The country’s oldest national parks ranger is stepping away from the job she loves at the age of 100. Betty Reid Soskin retired Thursday with only 15 years tenure in the National Parks Service; but a lifetime of public service under her belt.
According to the Associated Press, Soskin spent her final day at Rosie the Riveter/WWII Home Front National Historical Park in Richmond, California, leading an interpretive program for visitors, and then saying goodbye to coworkers.
A bit of quick math reveals that Soskin actually lived and worked through the female, wartime factory era of Rosie the Riveter. She even worked for the U.S. Air Force in 1942 but quit after learning that “she was employed only because her superiors believed she was white,” according to a Park Service biography. Many decades later, Soskin made a living giving tours of those same halls she once walked; hoping to honor the women who worked in factories and remind the public what life was like as an African-American woman of the era.

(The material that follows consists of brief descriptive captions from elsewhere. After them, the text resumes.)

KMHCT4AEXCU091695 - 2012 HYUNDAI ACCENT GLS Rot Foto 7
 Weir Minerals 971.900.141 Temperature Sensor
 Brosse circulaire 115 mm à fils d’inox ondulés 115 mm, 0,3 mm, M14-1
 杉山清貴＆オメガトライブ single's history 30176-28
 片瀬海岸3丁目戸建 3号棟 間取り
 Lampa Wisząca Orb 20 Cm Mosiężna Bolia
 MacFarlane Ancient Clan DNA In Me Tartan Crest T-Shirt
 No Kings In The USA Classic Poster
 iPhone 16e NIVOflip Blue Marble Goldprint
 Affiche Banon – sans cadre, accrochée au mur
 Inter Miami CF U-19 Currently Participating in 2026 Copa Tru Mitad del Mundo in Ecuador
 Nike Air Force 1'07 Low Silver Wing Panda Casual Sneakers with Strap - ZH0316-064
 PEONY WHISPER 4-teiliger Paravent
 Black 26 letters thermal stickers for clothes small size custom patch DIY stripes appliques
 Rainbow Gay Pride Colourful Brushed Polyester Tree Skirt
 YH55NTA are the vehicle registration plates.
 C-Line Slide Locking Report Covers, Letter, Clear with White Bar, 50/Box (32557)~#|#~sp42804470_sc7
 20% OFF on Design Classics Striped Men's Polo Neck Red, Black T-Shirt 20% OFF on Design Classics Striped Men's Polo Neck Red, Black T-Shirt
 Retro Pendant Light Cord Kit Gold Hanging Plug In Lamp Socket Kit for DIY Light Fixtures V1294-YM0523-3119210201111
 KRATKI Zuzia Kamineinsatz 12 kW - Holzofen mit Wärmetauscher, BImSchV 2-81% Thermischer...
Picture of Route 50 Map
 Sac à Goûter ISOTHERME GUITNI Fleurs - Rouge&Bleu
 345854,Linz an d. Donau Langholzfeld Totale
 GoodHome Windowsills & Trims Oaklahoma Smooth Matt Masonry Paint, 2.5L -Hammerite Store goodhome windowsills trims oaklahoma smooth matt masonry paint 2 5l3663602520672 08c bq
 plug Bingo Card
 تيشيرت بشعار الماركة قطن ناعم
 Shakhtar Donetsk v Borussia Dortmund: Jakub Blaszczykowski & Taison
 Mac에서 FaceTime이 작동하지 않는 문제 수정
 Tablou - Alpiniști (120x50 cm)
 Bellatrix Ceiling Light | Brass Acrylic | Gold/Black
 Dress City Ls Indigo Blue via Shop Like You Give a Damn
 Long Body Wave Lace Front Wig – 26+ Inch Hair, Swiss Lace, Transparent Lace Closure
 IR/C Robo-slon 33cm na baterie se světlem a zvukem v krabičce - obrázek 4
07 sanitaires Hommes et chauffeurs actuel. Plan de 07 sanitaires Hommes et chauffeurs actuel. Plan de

“Being a primary source in the sharing of that history — my history — and giving shape to a new national park has been exciting and fulfilling,” Soskin said in the NPS statement. “It has proven to bring meaning to my final years.”
Beyond being the nation’s oldest park ranger, Soskin lived a life of service and distinction
Soskin earned a temporary Park Service position sixteen years ago at the age of 84. She became a permanent Park Service employee in 2011. Last September, she turned 100 while still on the job.
“Betty has made a profound impact on the National Park Service; and the way we carry out our mission,” Director Chuck Sams said. “Her efforts remind us that we must seek out and give space for all perspectives. This allows us to tell a more full and inclusive history of our nation.”
Over 100 years ago, the Charbonnet family from Detroit welcomed a baby named Betty. After living in New Orleans for a time (Soskin vaguely recalls surviving the Great Mississippi Flood of 1927), her family moved west to Oakland; and she would remain in the Bay Area for life.
In 1945, she and her first husband founded one of the first black-owned record stores in the area, according to her NPS biography. She also participated in the civil rights movement; contributed to many local organizations; and received many honors of distinction throughout her life, including being named California’s Woman of the Year in 1995. The U.S. House of Representatives even honored Soskin years later with an official entry into the Congressional Record.